Wednesday, 19 September 2012

Torsby

Torsby, a small town in Sweden, near the border of Norway. Home of Sven Goran Erikson, and a tunnel. But not just any ordinary tunnel. This tunne,l built winding its way up and down a hill side, is full of snow and the temperature is regulated to -2 C. Its a giant freezer. And here, in this small town, congregate hundreds of skiers each year to ski around in circles. The tunnel at 1.3k in length, two skate and two classic tracks, is a summer ski resort. There is no snow outside, the temperatures are in the high teens, but yet you can ski in circles of 1.3k in length.
This is why, along with many other skiers and teams, the British team decided to have a camp there last week. To ski on snow. With many members on the team now at uni or having other commitments meaning they can't get on snow early in the season, we now have to look at geting the snow time else where in the year. For me it was an opportunity to work on technique and get some snow time without the pressure of a race or competition coming up. Normally by the time the snow comes it is only a few weeks to the first competition and then the racing is full on with only a few small breaks until the end of the season. So to train a week with 25hours of snow skiing is pretty rare. During the season, rest, recovery and quality training sessions become more important than skiing for hours on end.
The camp went pretty smoothly. We bumped into the British Biathlon team, who some of us thought were there and some of us had thought they would have just left. It was good fun to meet up with those guys again, they always have good banter and funny stories offering a new insight to life. The offered to let us join them on a shooting session, but it was the one afternoon it rained, so we decided to skip it and just head to the gym instead. One of the best things about Torsby is you can avoid the bad weather because you are skiing in a tunnel. Looking out through tiny windows and pouring rain and howling gale. But this is also one of the worst things. Last week was quite possibly the best week of the Autumn so far. Warm, calm, blue skies.... and we were inside. Fortunately i doubled a lot of my sessions, i would ski for two hours, and then run for an hour afterwards.

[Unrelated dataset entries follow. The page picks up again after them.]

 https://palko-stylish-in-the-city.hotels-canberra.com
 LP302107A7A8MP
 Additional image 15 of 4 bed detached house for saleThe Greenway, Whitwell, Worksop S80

Somehow running in Torsby is like running through a maze. I have never completed any length of run in the forest there without getting lost to some extent. It is impossible. The maps look nothing like the trails. I'm not the only one either. Four years ago, teammate, Simon Platt was lost in there for over 3 hours, and ended up running 40min in zone 3 to get back after seeing signs saying "Torsby 30k". (he ran the opposite way to signs).
Towards the end of the camp the SNS (Salomon, Atomic, One Way) companies turned up to do some testing in the tunnel and show of their new products to... mostly old people. These "old people" are known as Birkies in the trade. The train for an event like the Birkiebeiner. All of them ski with a the same distinctive technique... head down, huge arm reach, massive leg extension, they wear rucksacks and they go really really hard... ALL THE TIME! None of witch is particularly wrong. They have quite a good technique, they wear rucksacks because they race with them and they go hard because they think its good training. But when i'm out for an easy session and 60 year old comes steaming past it is a little depressing. Especially when they are going just fast enough to be infront, but not fast enough to pull away. By the last day the tunnel was quite well populated, with people mostly of this nature, with new One Way, luminous boots. It was great to see so many people skiing, when it's not the ski season and skiing isnt really to the forefront on peoples minds. But the boots! Maybe it was just the dully lit tunnel that made these luminous, yellowy, greeny boots stand out as being disgustingly coloured. Regardless, i think One Way need to rethink its colouring scheme!
We had a good few interval sessions, most notably a Sprint roller ski session on the last day. Between the 1/4 and the semi final a snake appeared on the rollerski track. This was funny. As our absent teammate Andrew Musgrave is petrified of snakes. Jokes made, pictures taken, emails and sms's sent... the snake was eventually flicked off the track.
On saturday night we traveled to Oslo, i couldn't get a train up to Lillehammer, so i stayed the night with the others at an airport hotel. The fire alarm went off at 6.20am. My train wasn't until 10.05. So i was having a nice relaxing sleep, thinking i could get up late and so on. The wham.... "whoooouuuhhhhhwhhhoouuuhhhh A FIRE HAS BEEN DETECTED IN THE BUILDING whooooouhhhwhooooouhhhhwhooouhhh A FIRE HAS BEEN DETECTED IN THE BUILDING". Down the stairs we went, out the door we went. Standing next to a Glaswegian women who was bitterly disappointed... " they cant be taken it that f**k*n seriously if the staffs in their eaten their breakfast". Sure enough there was someone sitting over by the breakfast buffet eating. After a while the alarm went off staff came out and told us it was safe. Most people filled into the breakfast buffet. Me included. After we had a drink and headed back off up to bed a fire engine turned up outside. With 4 sleepy looking lads sat in the back. It was a good job there was no fire.
Now back in Lillehammer, and back to normal training.